In the Wild: 4 Yoga Positions to Make You a Better Runner - FITS®

April 19, 2017

Becoming a better runner requires more than covering the miles and being equipped with the best fitting socks. You also need an exercise routine that builds muscles and flexibility. Yoga is a great way to improve your running abilities by increasing your flexibility and also preventing injury if practiced properly. Try these four yoga poses to improve your running abilities.

female runner on trail wearing fits

Eka Pada (Pigeon Pose)

Many distance runners worry about IT band syndrome. IT band syndrome is a common injury that often happens when runners spend too much time running and not enough time developing their hips.

Eka pada (pigeon pose) gives you a chance to strengthen your hip flexor while getting a deep stretch that helps prevent IT band problems.

Pigeon pose may feel uncomfortable at first, so aim for slow progress.

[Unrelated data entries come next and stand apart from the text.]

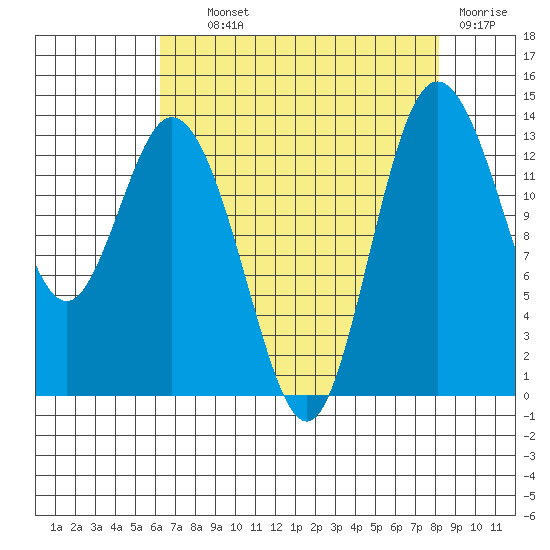 Budd Inlet tide chart for Wednesday, August 21, 2024
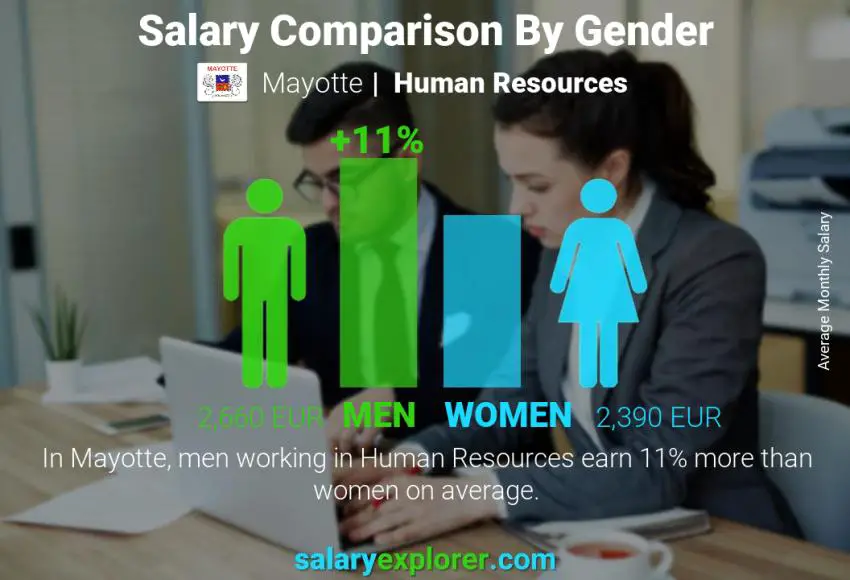 Salary comparison by gender Mayotte Human Resources monthly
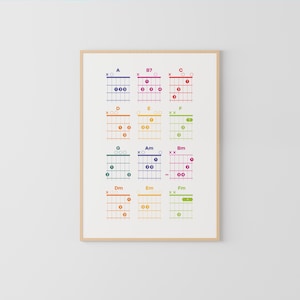 Beginner Guitar chords Color Poster, Fingering Chart, Guitar Chords for kids, Music Education, Music Theory, music poster, guitar poster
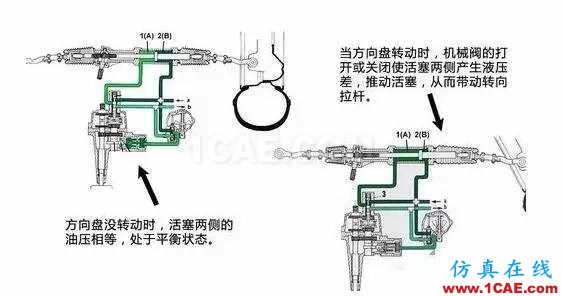 方向盤的工作原理。。漲知識！【轉發】機械設計培訓圖片7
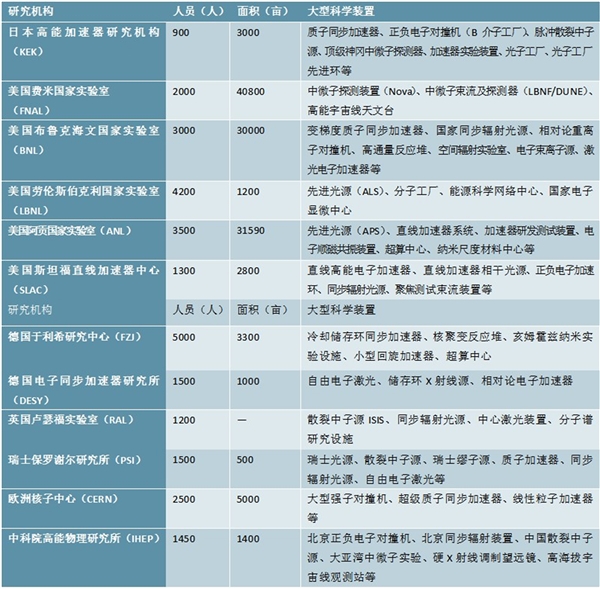 2020创新基础设施细分领域发展潜力与空间分析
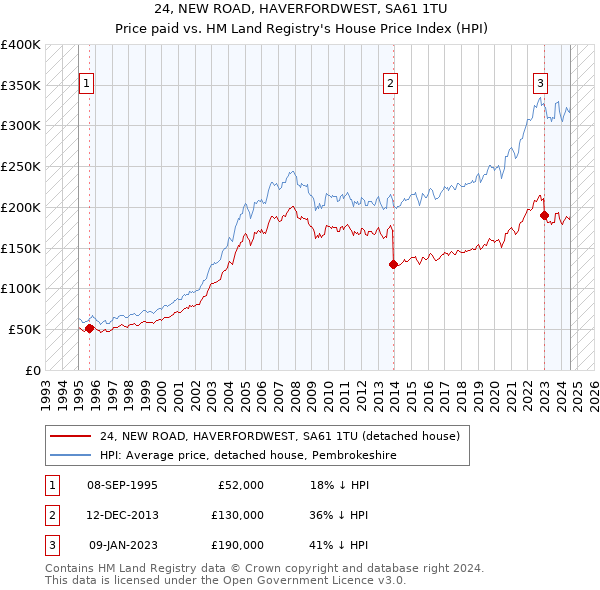 24, NEW ROAD, HAVERFORDWEST, SA61 1TU: Price paid vs HM Land Registry's House Price Index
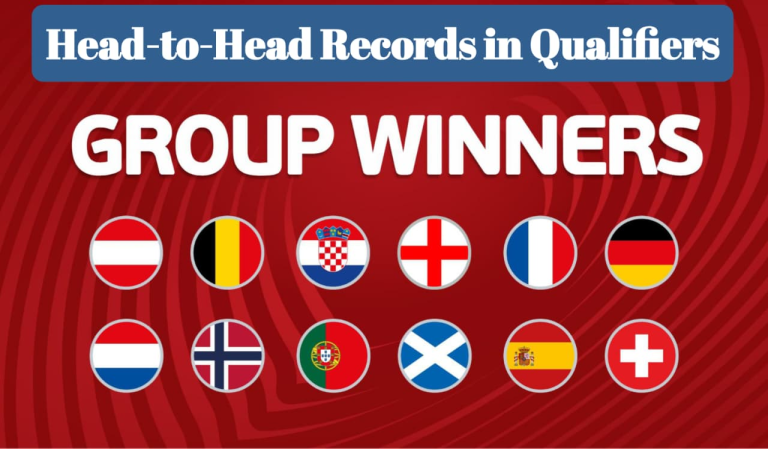 Teams to Watch in Final Qualification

Eventually, you will have the ability to put your chest on the floor for a full stretch that provides great relief.

Makara Adho Mukha Svanasana (Dolphin Plank)

Running primarily strengthens your leg muscles (hamstrings, quadriceps and calves). However, it doesn’t challenge your core muscles, which might become a problem when you want to add more distance to your long runs. Without a strong core, you can’t maintain good running form.

Yoga has a lot of poses that can strengthen your core muscles. Few of them work better than the Makara Adho Mukha Svanasana (dolphin plank).

Dolphin plank is a modified version of the standard plank position. Instead of putting your palms on the floor, you put your weight on your forearms. This minor adjustment forces your abdominal muscles to work harder. The pose also strengthens your lower back, chest and hamstrings.

Vrksasana (Tree Pose)

Vrksasana (tree pose) is one of the most popular positions in yoga because it works every part of the lower body and improves your balance. It will build your glutes, hamstrings and calves.

Tree pose even strengthens muscles in the feet. When you balance on one leg for 30 seconds or more, your active foot has to do a lot of work. Oddly enough, a lot of runners don’t think about strengthening their foot muscles until they get hurt.

Virabhadrasana III (Warrior III)

Virabhadrasana III (warrior III) gives you a full-body workout that can take years to master. You’ll get some benefits even if you can only hold the pose for a few seconds.

Runners should incorporate warrior III into their workouts because it strengthens muscles in the core, legs and feet. You will also improve your shoulder and chest strength, which many runners lack because they spend so much time working on their legs.

Doing yoga a couple of times per week gives your body a break from the pressure of running. In return, it improves your body so you can perform better when you hit the road, track or trails.